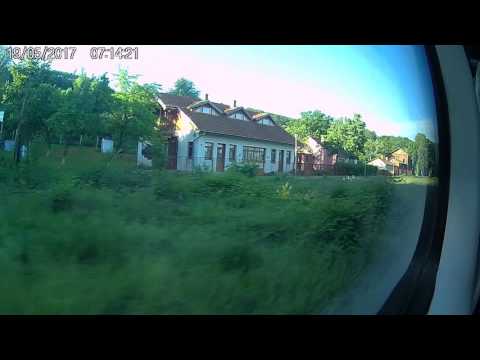 AVRAMESTI Vaslui - mai 2017 ~ ep. 1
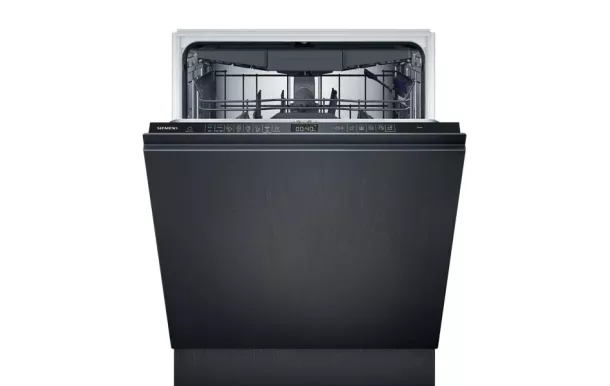 SIEMENS Lave-vaisselle 60 cm 14 couverts 42 dB Tout intégrable - SX85EX11CE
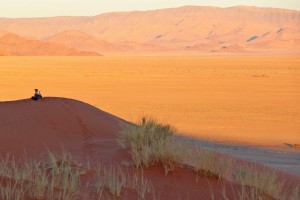 Dunes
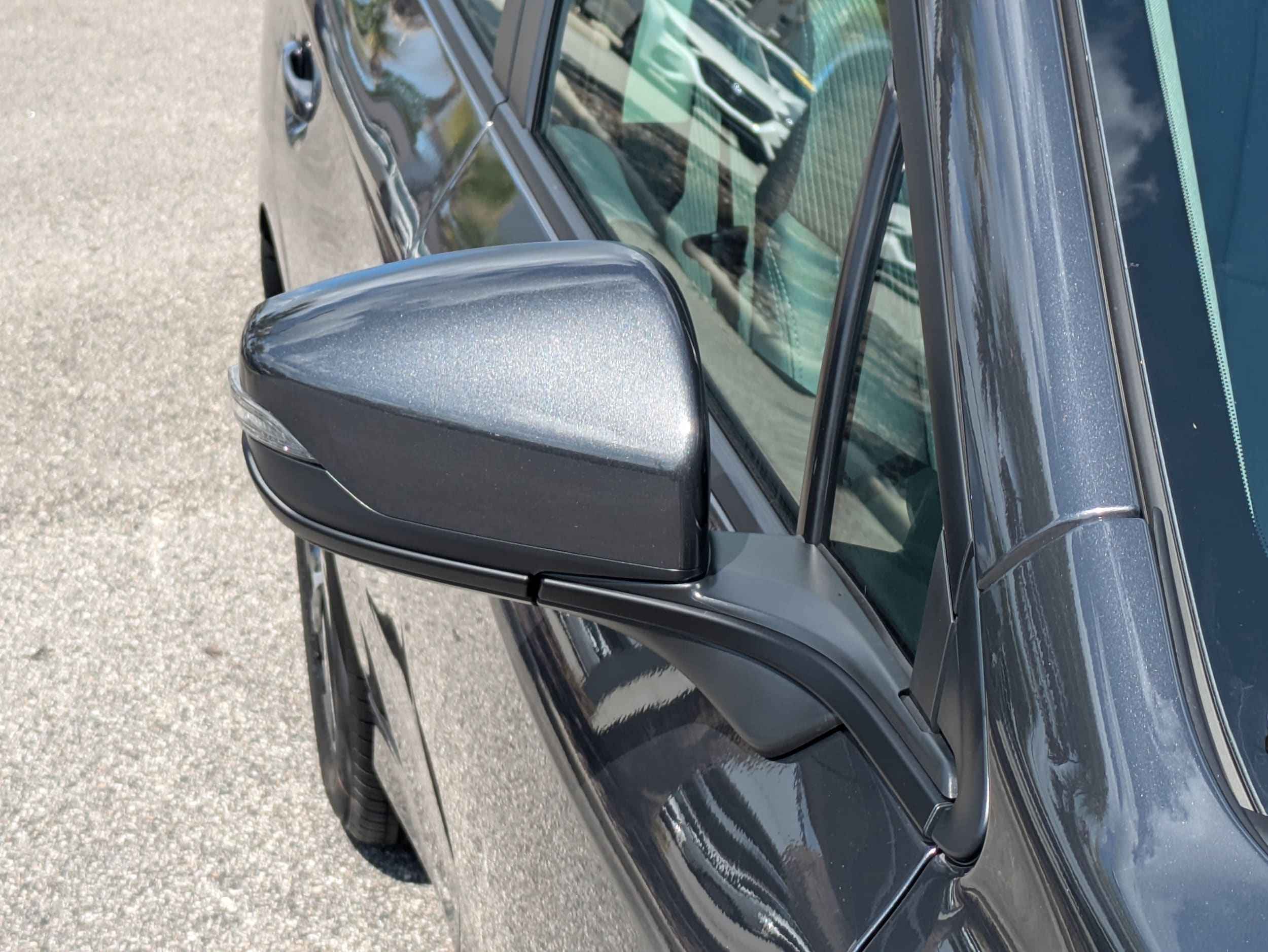 2025 Subaru Legacy Premium - Photo 12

Work order → Repeat the material above word for word and skip every image in it.

Written reply →
 AVRAMESTI Vaslui - mai 2017 ~ ep. 1
 SIEMENS Lave-vaisselle 60 cm 14 couverts 42 dB Tout intégrable - SX85EX11CE
 Dunes
 2025 Subaru Legacy Premium - Photo 12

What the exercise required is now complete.